How does it work?#

BloArk is a complicated system that has some different mind models within its design. It is a good idea to understand the architecture of BloArk before using it.

Process#

This architecture typically works with any revision-based data. In Wikipedia Edit History scenario, the following steps are followed:

  1. Building: The Wikipedia edit history is first divided into several blocks that obey the following rules:

    • Each block reflects one revision from an article.

    • All revisions of an article will be stored in the same warehouse.

    • Each block could be independently processed or analyzed.

  2. Modifying: The blocks can then be modified for different purposes, with the following benefits:

    • Easy: Defining modifiers is as easy as defining a function that just tells how each block should be edited.

    • Parallelization: The blocks can be processed in parallel, which significantly reduces the processing time.

    • Memory-friendly: The blocks are, and should be, small enough to be loaded into memory, which makes the processing more efficient.

    • Composition: The blocks can be composed to form a larger block, which can then be processed or analyzed as a whole.
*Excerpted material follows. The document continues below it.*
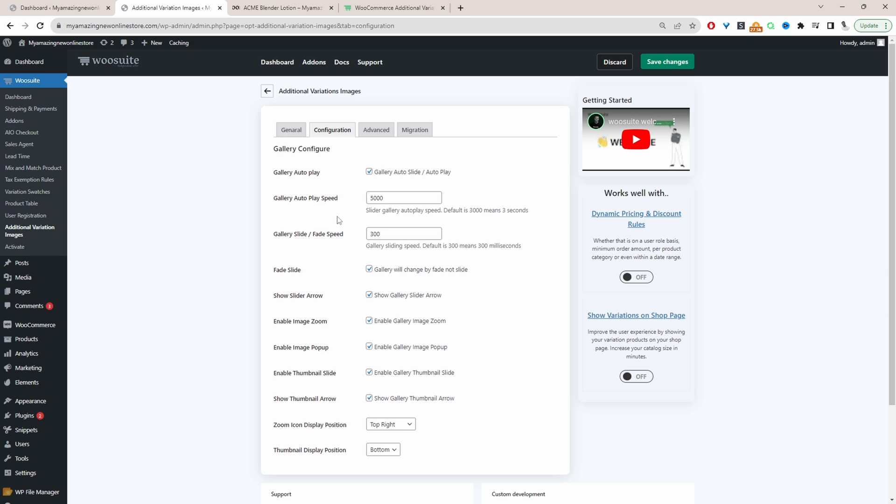We can change the play speed and this is done in milliseconds. For example here it says 3000 will be three seconds. You can go ahead and tweak it as needed.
  3. Reusing: The blocks can be reused for further modifications, which saves the time and effort of building the blocks from scratch.

  4. Sharing: As long as the blocks are stored in the same format and be read by BloArk, they can easily be shared and reused by other users in other machines.

Design considerations#

When BloArk is designed, the following scenarios (including but not limited) are considered:

  • The single processable unit of a dataset is NOT too large to be loaded into memory.

  • A long-running device, such as Slurm job. It means that typical Jupyter Notebook is runnable but not suitable for this scenario in following reasons:

    • The Jupyter Notebook is not designed for long-running tasks. When you exit the browser (or close the browser tab), the Jupyter Notebook running session will be terminated.

    • Logs on Jupyter Notebook are not persistent and are not user-friendly. The scrolling experience along a long log is very bad on Jupyter Notebook (and Jupyter Lab, including all Jupyter-based software).